The AI Assistant I Didn't Think I Needed

The AI Assistant I Didn't Think I Needed

At first, I was very skeptical. I came across OpenClaw (then called ClawdBot, and renamed twice since) on Twitter, but to me it felt like yet another internet fad. Why would I need to ask questions via Telegram when I could just open ChatGPT? What's the leap forward here?

I tried to install it. Failed. Tried again. Failed again. "This is ridiculous," I thought, and moved on.

Then the FOMO hit. People I actually know and trust started talking about it. Okay, fine. One more honest attempt.

This time it worked. I named it Jarvis (I know, fucking cliché) and started poking around.

The aha moment

I was tracking my food, my fasts, my workouts—but across different apps. I mentioned this to Jarvis. "Could you build me a food tracker?"

And then... it just did.

Without me writing a single line of code, just by chatting back and forth, Jarvis built a system where I could send a voice note—"I had a cheese sandwich with ham and pesto, some peas on the side"—and it would automatically parse the food, estimate the macros, log everything, and show me my progress for the day.

Then I asked for a fasting tracker. It built that too. Then a data pipeline for my health metrics in Apple Health. Then calendar integration. All through conversation.

That was the aha moment. I didn't need to learn an API or write scripts. I just described what I wanted, and the AI built it.

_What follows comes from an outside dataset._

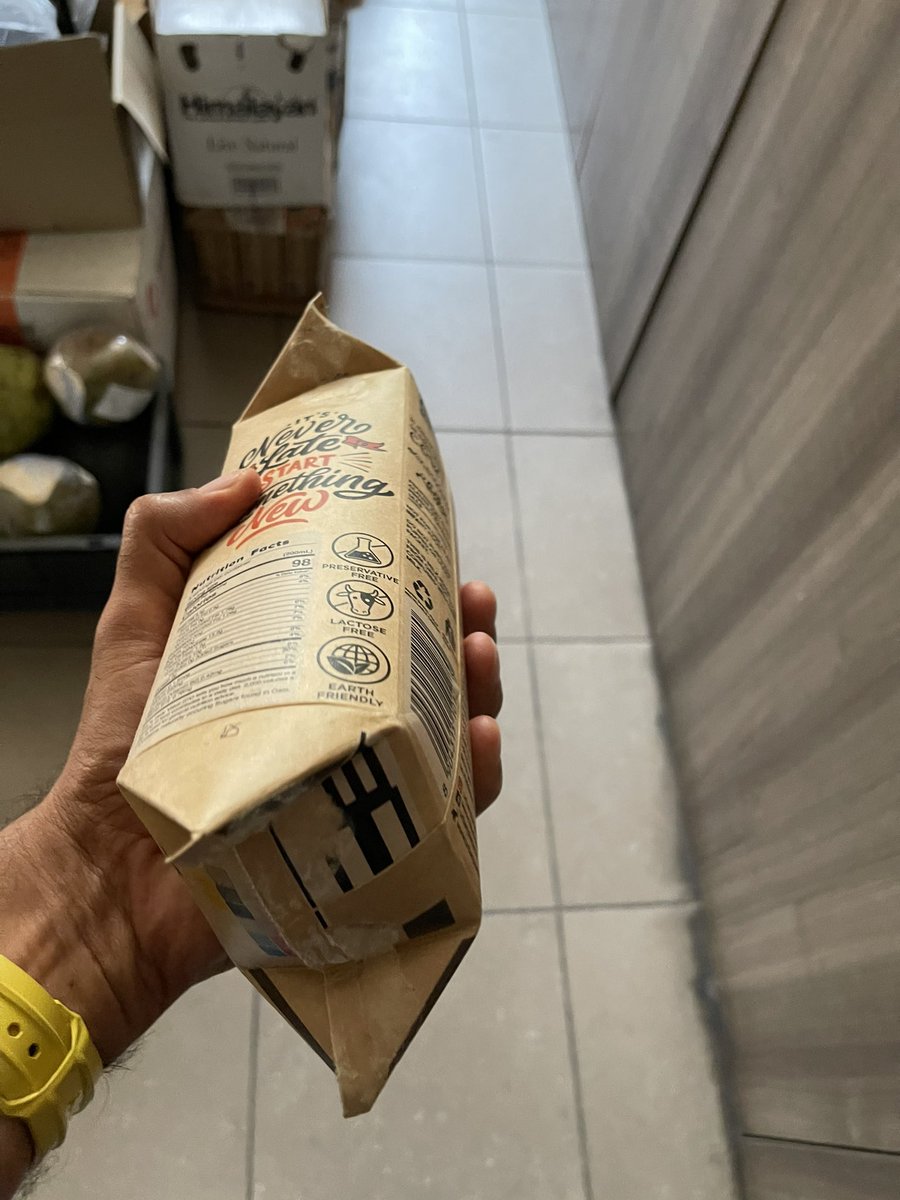 abbirdin's tweet photo. @urban_platter #expiredfood pls refund / replace https://t.co/c4zdDrV5bj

And as a bonus: all the data now lives in one central place—JSON files on my server. It's private. And the data can actually talk to each other in a way it never could when scattered across different apps.

The holy shit moment

A few days in, I was looking at my Apple Health data—six years of daily metrics, workouts, sleep patterns. Jarvis asked: "Do you want me to analyse your health data from the last few years and see what I find?"

I exported everything. 1,481 daily files, 821 workouts. Jarvis processed it all and created a comprehensive report—trends I'd never noticed, patterns buried in years of data that Apple Health just doesn't surface.

It's actually funny

I didn't expect this, but Jarvis has a sense of humour.

One morning I broke a 17-hour fast with a Ferrero Rocher. This was Jarvis' reply.

What changed my mind

An agent that lives on your server, accumulates context over days of conversation, and stores everything in plain files you own? That's different.

The context is what matters. It's not just that Jarvis remembers what we talked about yesterday—it's that this context, accumulated and searchable, turns a generic AI into my AI. One that knows my patterns, my preferences, my goals, because we've been working together.

On privacy

I should mention: everything runs on my own server. My conversations, my memory files, my health data—none of it touches external services unless I explicitly allow it. Even the AI's memory system uses local embeddings now, so the semantic search over my notes happens entirely on my machine.

This was important to me. I wanted an AI assistant, not a surveillance product. OpenClaw let me have both.

What's next? I just gave Jarvis access to a trading account. But that's a story for another post.